I want to get a new truck next summer, before I go to college (mainly because ill be coming home every weekend, to work, from Kalamazoo and I would like something a little more comfortable like ext cab and diesel for better mileage, plus Ive driven like 25k miles in the matter of 6 months), maybe i should get an 06 with some good rebates or an 07 where the bugs might not all be worked out. What do you think Mike?


----------



## spongebob (Nov 7, 2003)

flykelley said:


> Spongebob
> I wouldn't look for it before xmas. We are working 6 days still, but we are behind in order's. Is it a 2500 H/D? We also have a shortage of railcars to ship trucks to the dealer. Some trucks have been sitting on our lot for a couple of weeks to get shipped out. Hope you get it soon.
> 
> Regards Mike


no, i got a 1 ton..


----------



## flykelley (Dec 29, 2003)

spongebob said:


> no, i got a 1 ton..


Ok we are the only plant that builds that Truck, lets hope it is to get shipped on a truck and not a railcar. If you can get the dealer to get you a build date and order number I might be able to keep a eye on it for you.

Regards Mike


----------



## flykelley (Dec 29, 2003)

PremierLand said:


> I want to get a new truck next summer, before I go to college (mainly because ill be coming home every weekend, to work, from Kalamazoo and I would like something a little more comfortable like ext cab and diesel for better mileage, plus Ive driven like 25k miles in the matter of 6 months), maybe i should get an 06 with some good rebates or an 07 where the bugs might not all be worked out. What do you think Mike?


Mark get a 06, we will still be building them till next fall.

Regards Mike


----------



## dmontgomery (Oct 3, 2003)

*Dod*

Just a quick note.......

I know this isn't apples to apples but my father in law has DOD in his Cadillac Seville and he gets 28 MPG on the highway...

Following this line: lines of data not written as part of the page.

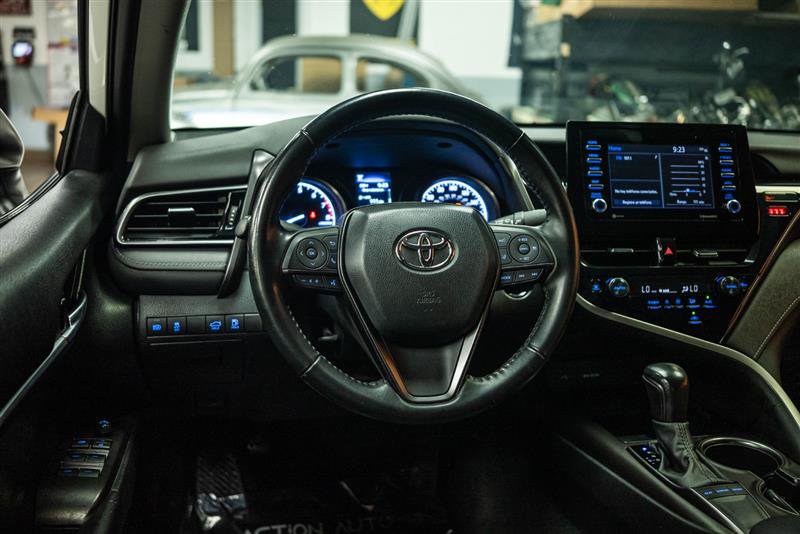 Used 2022 Toyota Camry SE w/ Convenience Package FWD image 15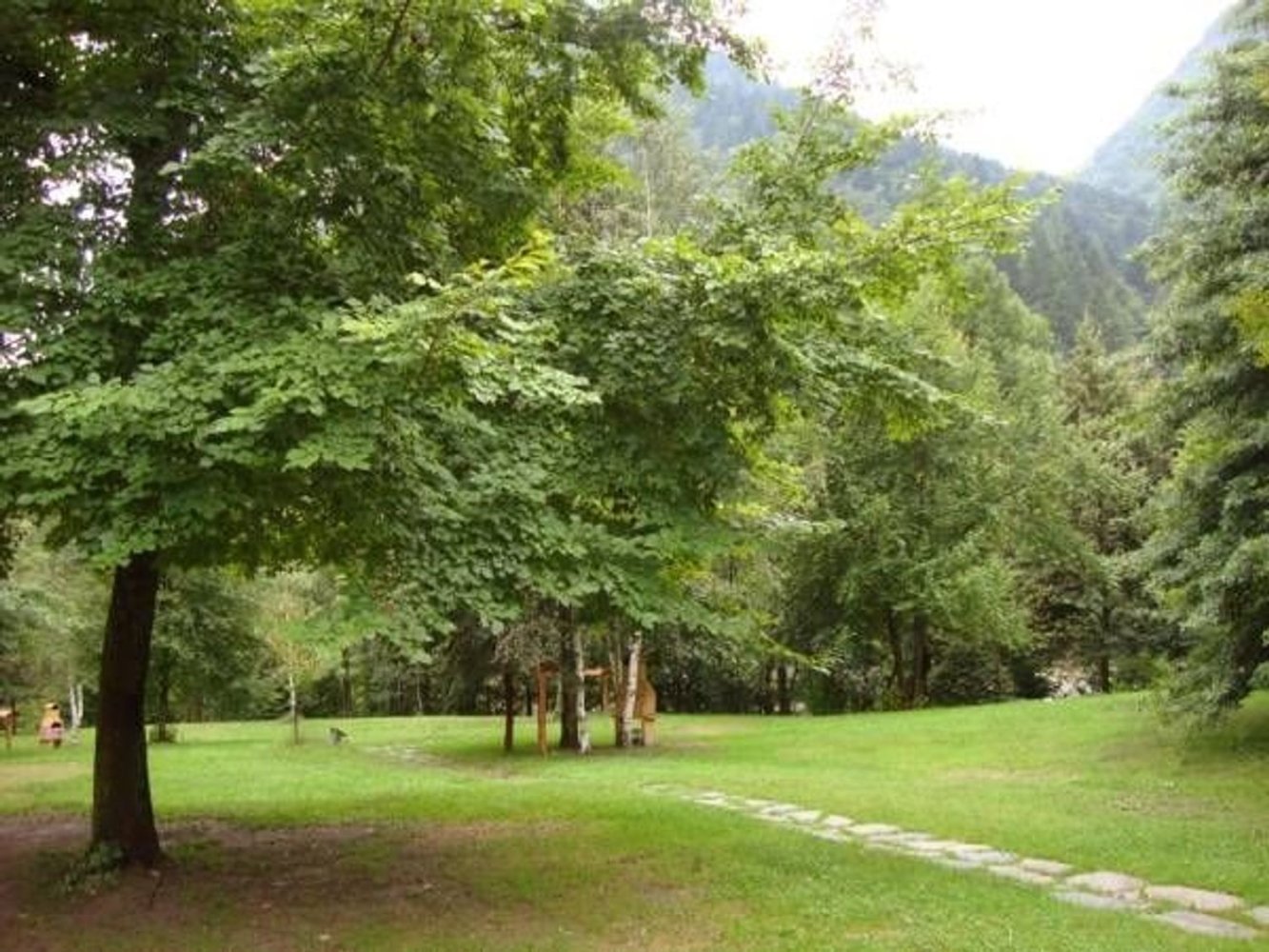  عقار تجاري في Campertogno, Italy 10000متر مربع رقم 328543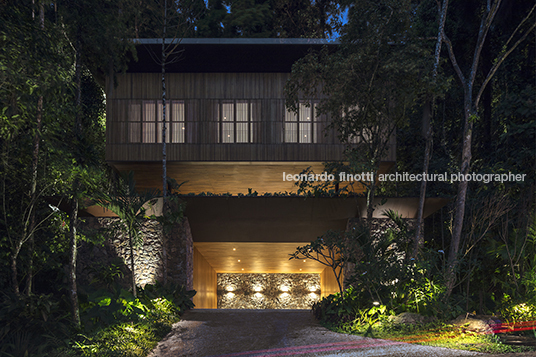 casa rlw - são pedro jacobsen arquitetura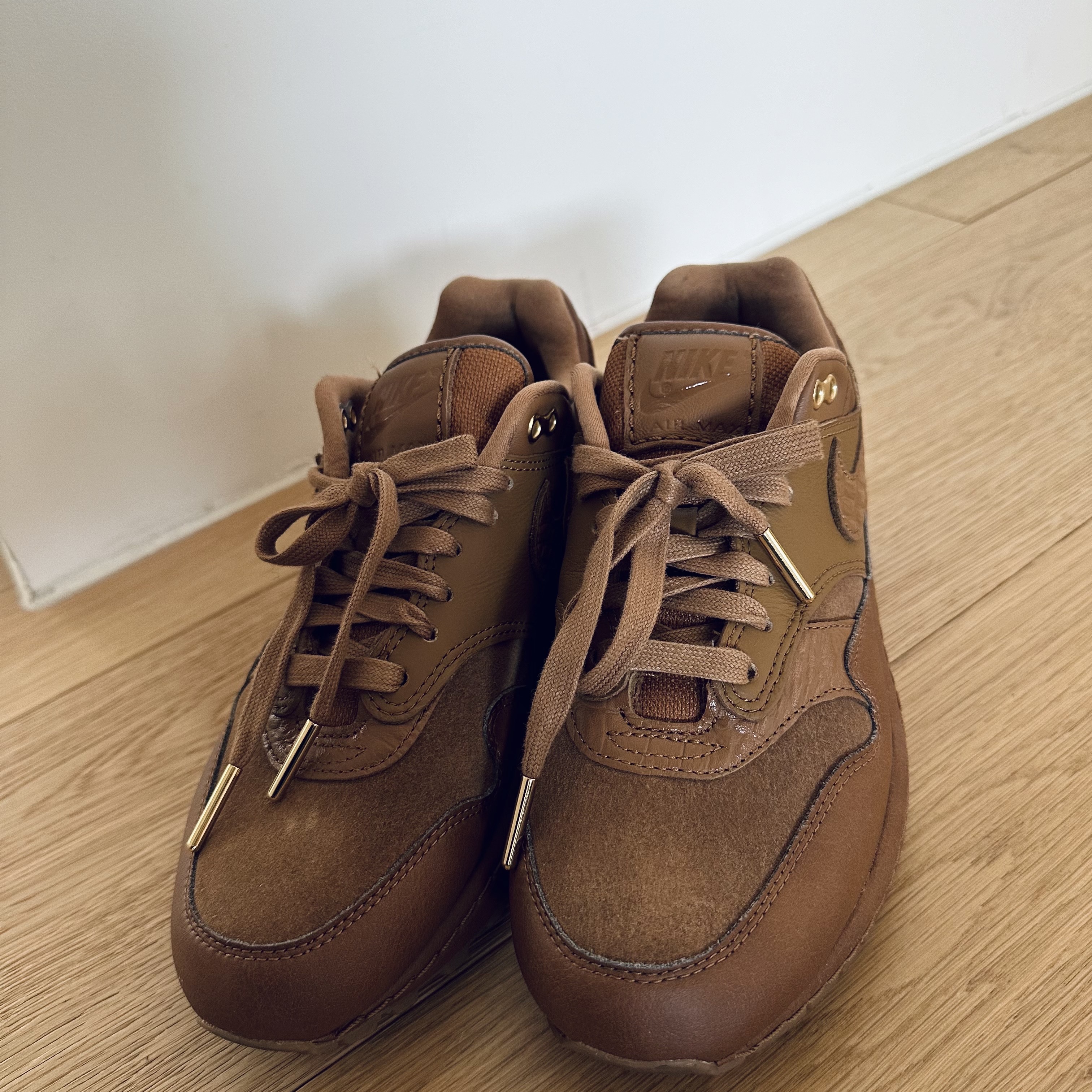 (W) Nike Air Max 1 '87 Luxe Ale Brown 착용 스타일
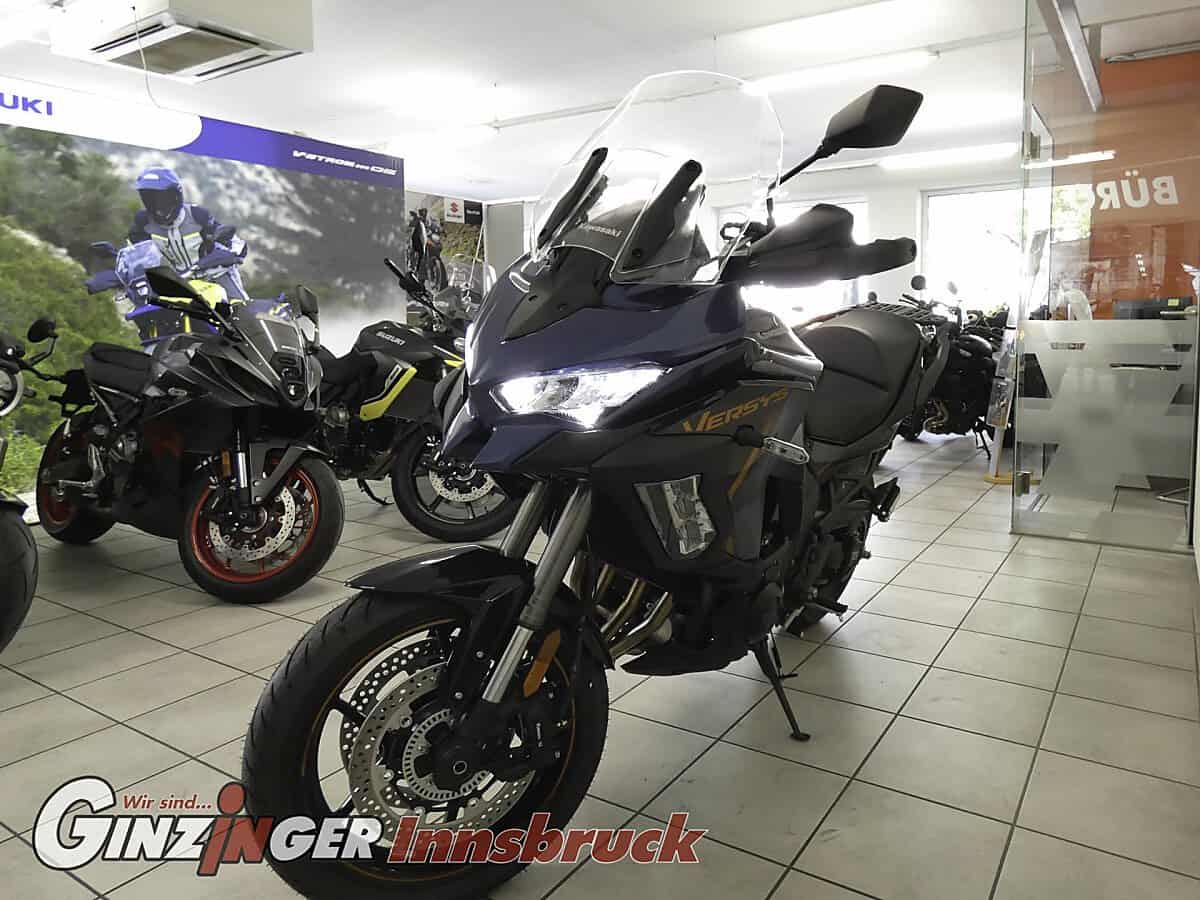 g-000356-g_W3560573_9-kawasaki-versys-1100-se-639178651236570350
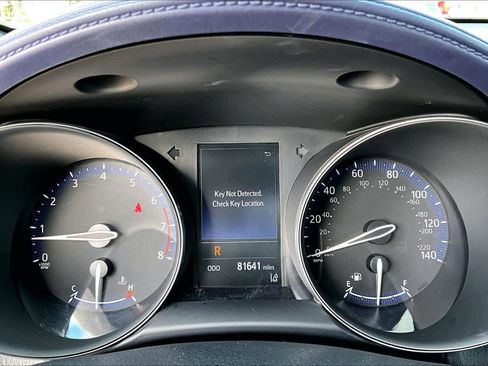 Used 2022 Toyota C-HR XLE image 25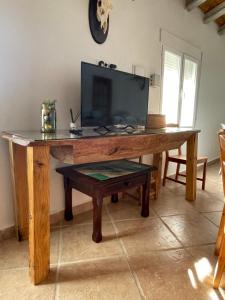 ein Holzschreibtisch mit einem Fernseher darauf in der Unterkunft CORTIJO EL PRADO ll in Castril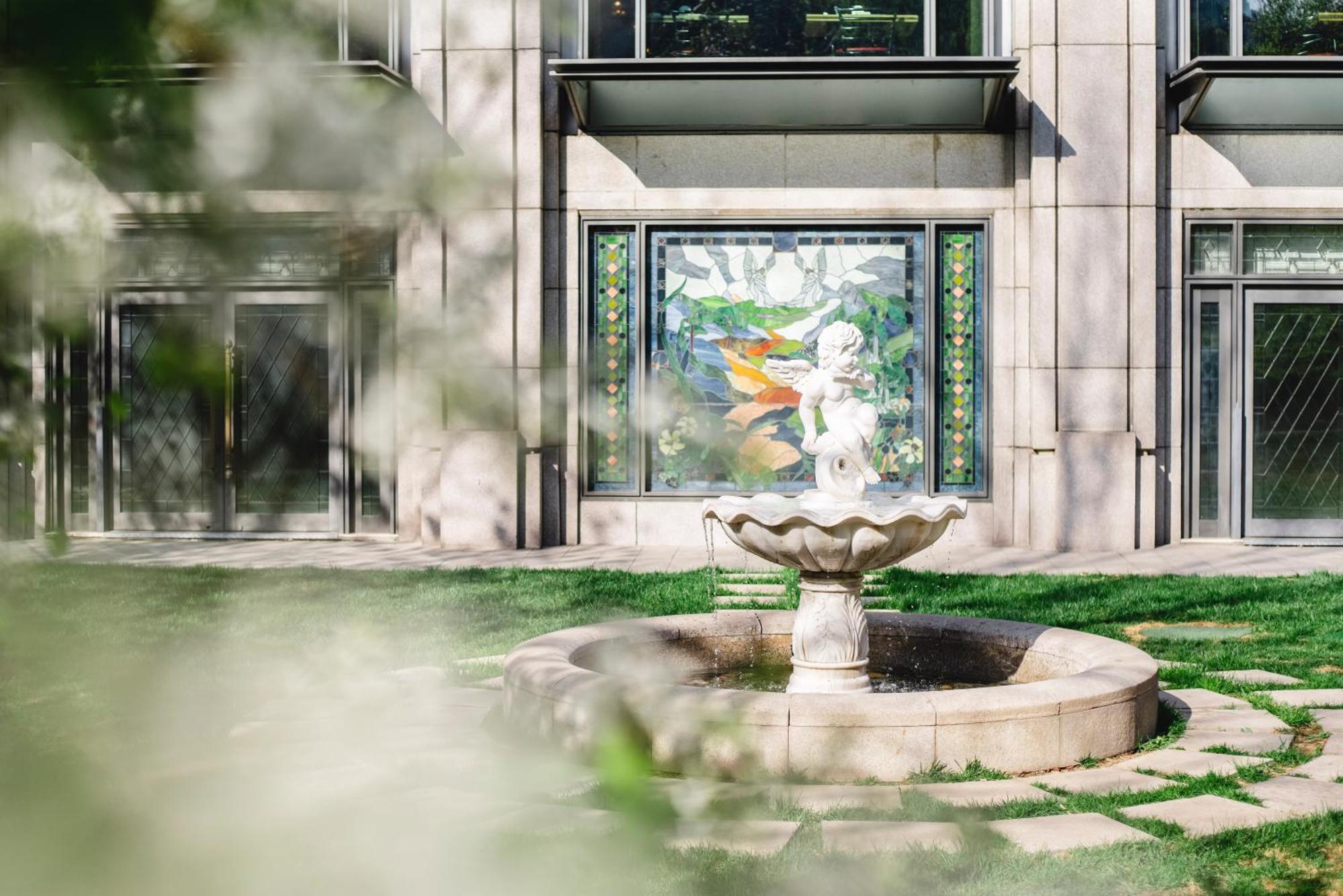 The Ritz-Carlton Beijing Hotel Exterior photo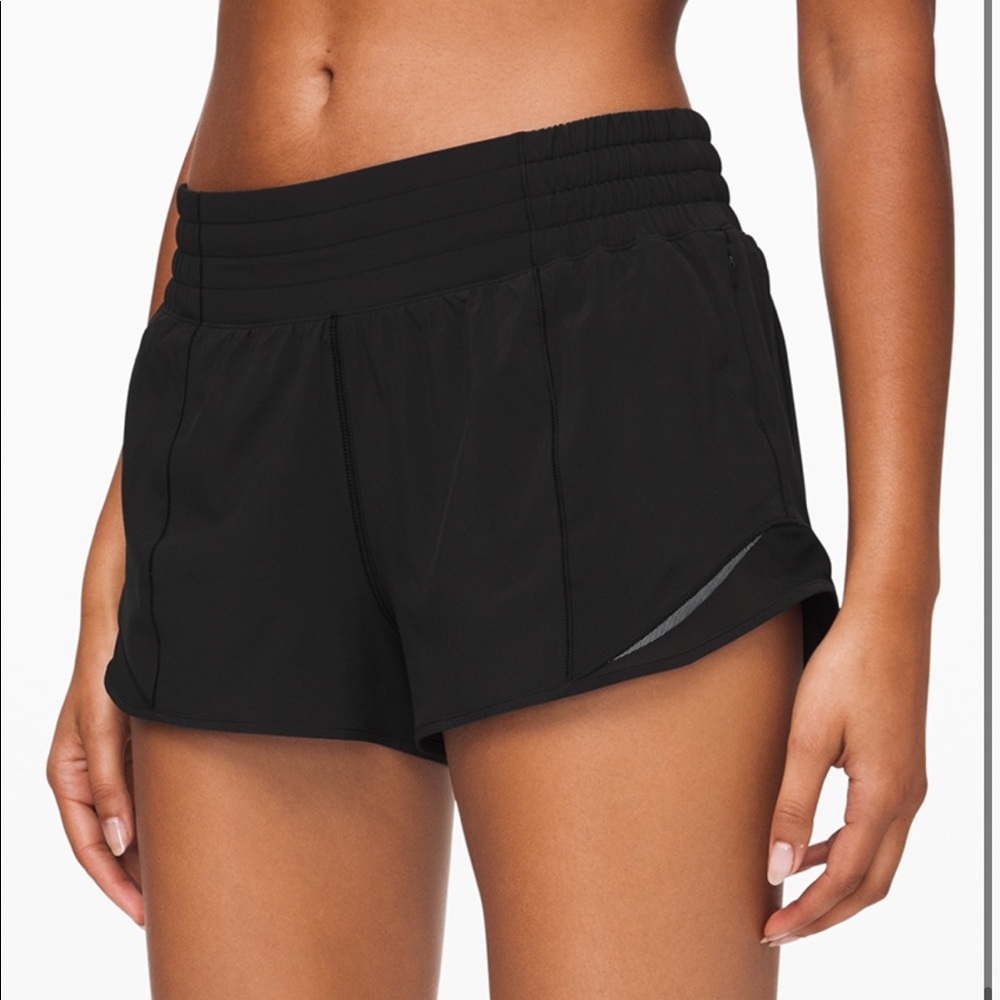 Lululemon High Rise Hotty Hot Short 2.5”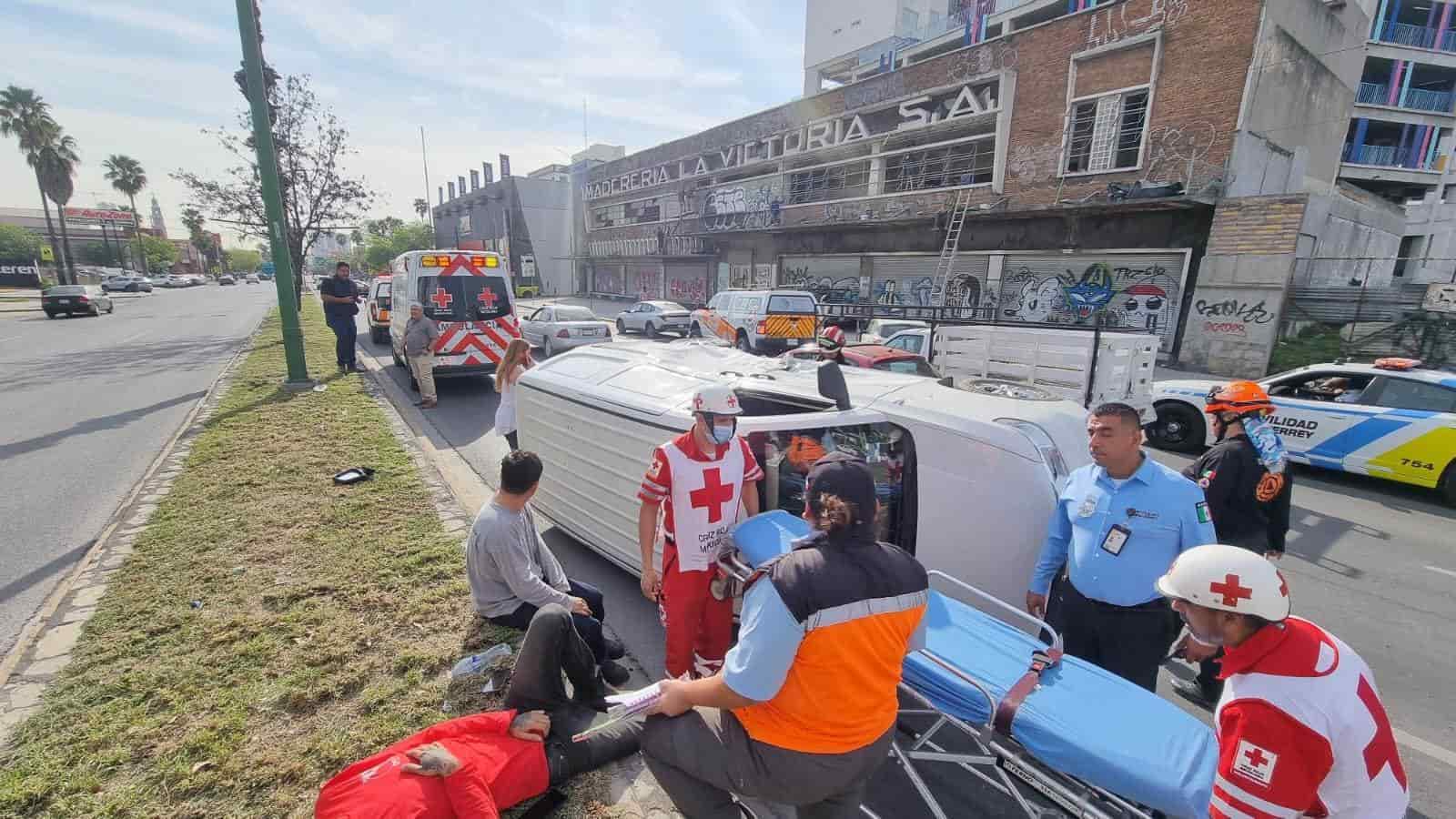 Tras pasarse a luz roja de un semáforo, una camioneta fue chocada por un vehículo y posteriormente volcó, en la Avenida Madero a la altura de la calle Miguel Nieto, ayer en el cetro de Monterrey.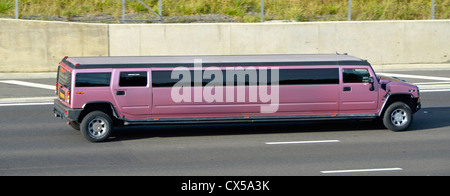 Seitenansicht der langen Luxus-Stretch-Limousine mit getönter Dunkelheit fenster bei Geschwindigkeit Fahren auf der Autobahn M25 Autobahn Essex England VEREINIGTES KÖNIGREICH Stockfoto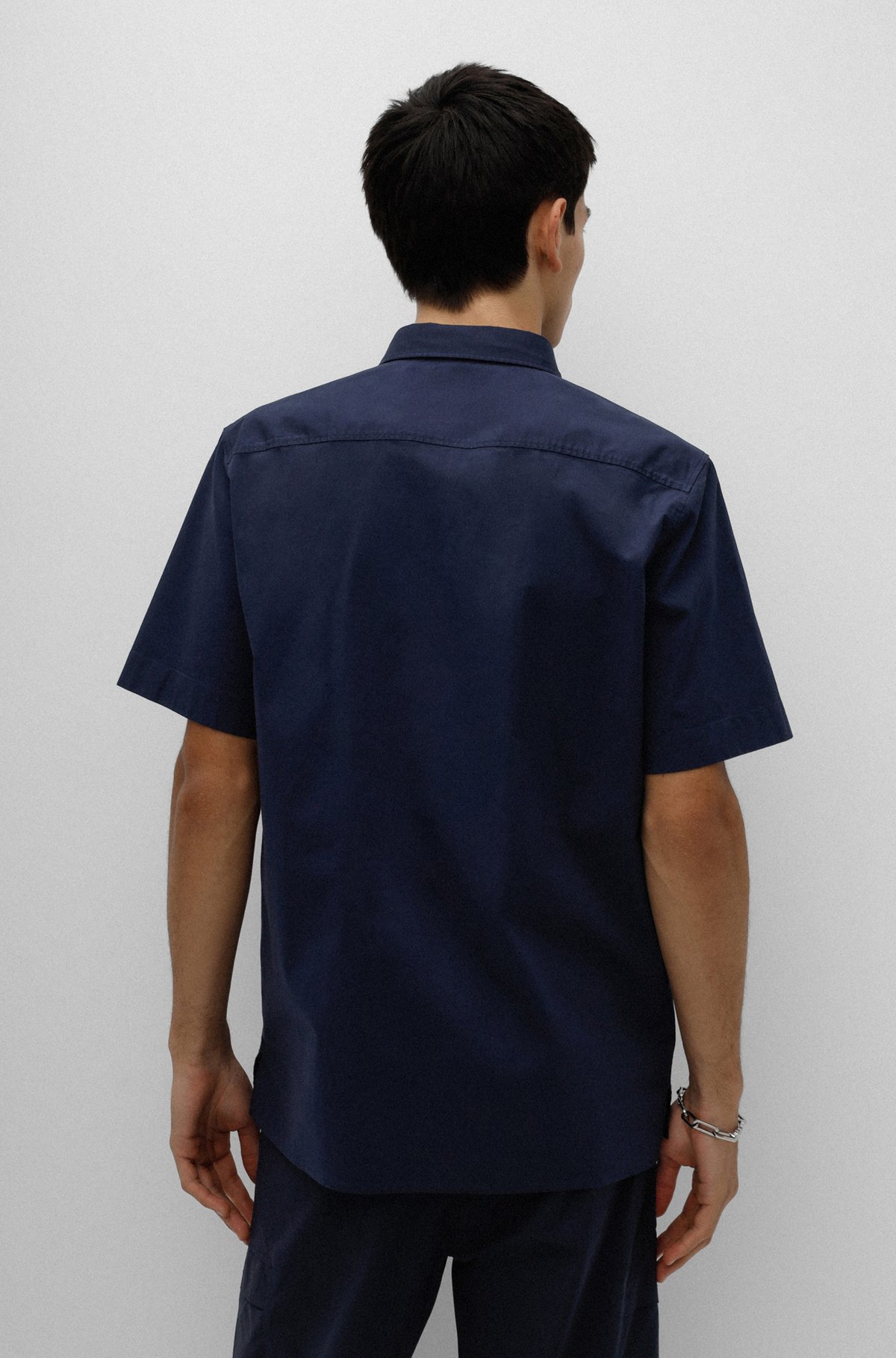 Camicia relaxed fit in cotone elasticizzato manopesca, Blu scuro
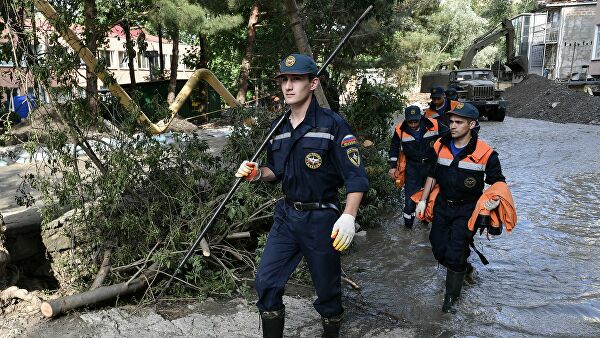 В Ялте дождь привел к локальным подтоплениям В Ялте дождь привел к локальным подтоплениям
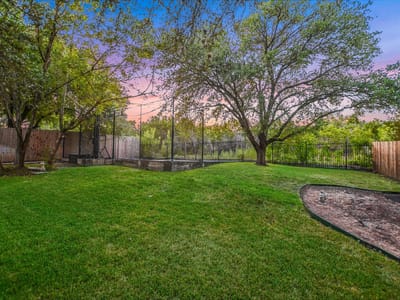 Property photo 3 at 2302 Cliffs Edge DR - 4 bed 3 bath home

That just may keep me from spending the cash for the diesel....

Derek


----------



## sixspeed (Oct 22, 2004)

*Not GMC though*



flykelley said:


> Hi Schnitz
> I am told by the final line supervisor that you can get a ext cab with a manual shifter, looks like dealer gave you some bad info.
> 
> Regards mike


Hey Mike,

I went GM truck shopping this week and funny thing the GMC dealer said that according to his online software Chevys get manual trannys but not GMC's....

Hmmmm...

Pray for snow Mike!!!

Rob.


----------



## flykelley (Dec 29, 2003)

sixspeed said:


> Hey Mike,
> 
> I went GM truck shopping this week and funny thing the GMC dealer said that according to his online software Chevys get manual trannys but not GMC's....
> 
> ...


 Rob I will have to ask around about that. I don't know why one whould and the other not get it. Hm Hm I alsways pray for snow, would love to set a new snowfall record here in Michigan this winter.

Regards Mike


----------



## spongebob (Nov 7, 2003)

flykelley said:


> Ok we are the only plant that builds that Truck, lets hope it is to get shipped on a truck and not a railcar. If you can get the dealer to get you a build date and order number I might be able to keep a eye on it for you.
> 
> Regards Mike


doOd that would be coOl..i bought the truck because of the "red tag" thing..im told just today that they (the dealer) wont know **** until the truck gets a vin#..and was told that happends when the truck rolls off the assembly line..but ill try to get you some info..then you guys can sprinkle some love on it as it goes down the line.. 
it'll be a WT3500 duramax/6speed. maybe you can tell me something..because its a WT and a 4X4, where will i be shifting this thing, on the dash or on the floor?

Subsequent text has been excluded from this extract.